Design The Best Conversion Van Floor Plan For Your Needs
Although every one of us are living and traveling in our own campervan, our needs and requirements are all different. This means your own conversion van floor plan & layout can be wildly different than someone else’s.
In this article, we discuss some of the points to think about when designing your own DIY camper van layout and some of the strategies that we used when we did our own campervan conversion.
We will also show you how we created our own digital campervan floor plan and give some advice how you can do it too. You DO NOT need prior graphic design experience or expensive software. Even Microsoft Paint is enough!
Table Of Contents - Design Your Conversion Van Floor Plan & Interior Layout
Why Is A Good Conversion Van Floor Plan Crucial?

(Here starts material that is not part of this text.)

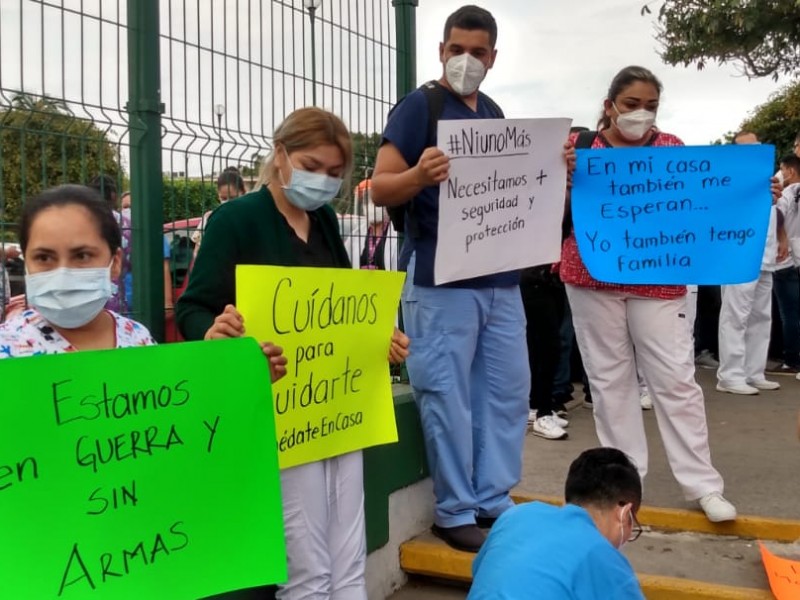 Se manifiestan trabajadores del IMSS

It may not seem like it from the beginning, but designing the best possible camper van floor plan & interior layout to fit your needs is extremely important.

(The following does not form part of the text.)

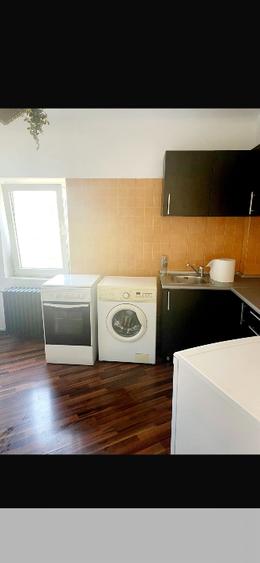 Apartament cu 5 camere semidecomandat în Universitate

If you plan to be like us, then you’ll be traveling, living, and sleeping in your campervan almost every minute of every day. The van is where you’ll cook, it’s where you’ll hangout during bad weather days, and it’s also where you’ll work.
And so, even if you fancy yourself an outdoors person a good chunk of your time will still be spent inside your campervan.
So a conversion van that is not designed to fit your needs and requirements ultimately makes van life less convenient, less comfortable, and ultimately less enjoyable.
Get Camper Floor Plan Inspiration from Social Media
Check out our van tour. But you may want to turn on English subtitles.
When we first began dreaming about possible campervan floor plan designs, we knew absolutely nothing at all. Only that we wanted to fit in a bed and a kitchen. But no specifics.
So we did what many others do; we watched lots (and lots!) of van build tours on YouTube. And we quickly discovered that there were so many different campervan floor plan options and layouts that were wildly more complex than we originally thought.
No two videos we watched had exactly the same floor plans. Every campervan had its own unique designs based on what the builders themselves thought was important for their own van life journey.
The more van life videos you watch, the more you’ll see what you like (and want in your own van), and what you don’t like.
Take Floor Plan Notes While You Watch
As you watch these van tour videos, make notes about what you like.
Perhaps you like the way a camper van’s pull-out bed feature works. Or the style of the upper cabinets. Maybe you realized someone has the perfect camper van sink and/or RV faucet that you want as well.
And by the time you’re ready to start designing your own campervan floor plan and interior layout, you should have a good list of things want to have in your own van build.
Read More: The Perfect Sink For Your Campervan Kitchen
Select Your Vehicle First
Deciding what vehicle you’ll be driving will have a big influence on your overall campervan floor plan design.
Once you have the length, width, and height dimensions of your van, you can begin properly desining your dream campervan layout.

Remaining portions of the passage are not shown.